Он несколько раз беседовал с Ленуаром. Эти неторопливые переговоры тянулись девять месяцев и, как и следовало ожидать, постепенно заглохли, не дав никакого результата.
После этого мадам Легро обращалась к великому множеству знатных и влиятельных особ. Все они холодно, а некоторые с замешательством выслушивали ее, — и этим дело ограничивалось. Очевидно, они боялись, чтобы их хлопоты не навлекли на них гнева министров, которых я осмеливался обличать.
Не желая огорчать меня, мадам Легро старалась скрывать от меня свои неудачи, но я знал и чувствовал всю безнадежность моего положения. Впрочем жизнь уже давно стала для меня воплощением страдания. Что касается моей защитницы, то она еще не хотела сдаваться и старалась поддерживать во мне надежду, хотя и сама уже начинала ее терять. В довершение всех несчастий, она осталась без средств, так как истратила на меня и из-за меня все, что имела. Все ее родственники, друзья и знакомые всячески уговаривали ее прекратить это долгое и бесплодное дело, а все сановники, в первое время восторгавшиеся ее рвением, теперь старались охладить ее пыл, пугая ее опасностью, которой она подвергалась.
— Трепещите, — говорили они ей, — если тот, за кого вы хлопочете, невиновен. Это еще хуже! Трепещите! Его враги станут вашими врагами. Они посадят вас в такой же каземат, чтобы похоронить вместе с вами беззакония, которые вы осмеливаетесь разоблачать.
Но никакие опасности и препятствия не могли остановить мадам Легро. Непоколебимая и мужественная, она слушалась лишь голоса своего сердца, который повелевал ей не покидать меня.

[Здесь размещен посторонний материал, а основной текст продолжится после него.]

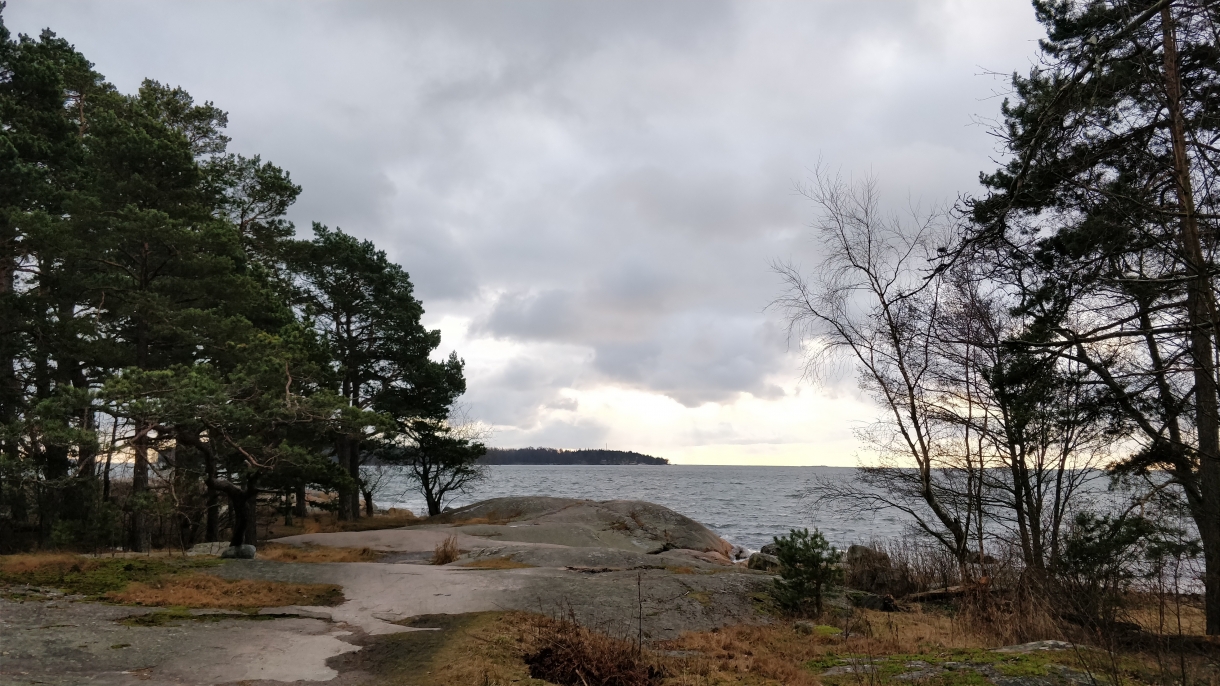 Hur Mycket är 10000 Steg I Km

Она узнала, что одна из придворных статс-дам, госпожа Дюшен, имела на королеву неограниченное влияние, которым она пользовалась для добрых и благородных целей. Мадам Легро повсюду разыскивала ее и после долгих усилий узнала, что она живет в Версале. Она сейчас же туда отправилась, но там ей сообщили, что статс-дама уехала в свое поместье Сантени, в семи лье от Парижа. Невзирая на усталость, мадам Легро немедленно направилась в Сантени и частью пешком, частью на встреченных ею по пути тележках добралась до поместья. Но оказалось, что госпожа Дюшен с час тому назад вернулась в Версаль. Мадам Легро нисколько не смутилась: она отправилась домой, а на утро вместе с мужем снова двинулась в Версаль.
Недалеко от этого города она оступилась и повредила себе ногу, но опасаясь, что муж заставит ее взять экипаж, она, сделав невероятное усилие, скрыла от него свои страдания.
Супруги явились к госпоже Дюшен, которая приняла их очень ласково. Она была до слез тронута рассказом мадам Легро о моих несчастьях и неотступными мольбами моих покровителей. Она пришла в восторг от доброго сердца моей защитницы, но все же отказалась доложить о моем деле королеве. Как можно хлопотать за несчастного, преследуемого двумя министрами? Ведь это значило — вооружить их против себя. Супруги Легро настаивали, просили, умоляли и снова тронули статс-даму. Она сама прослезилась, взяла мою рукопись и обещала поговорить обо мне.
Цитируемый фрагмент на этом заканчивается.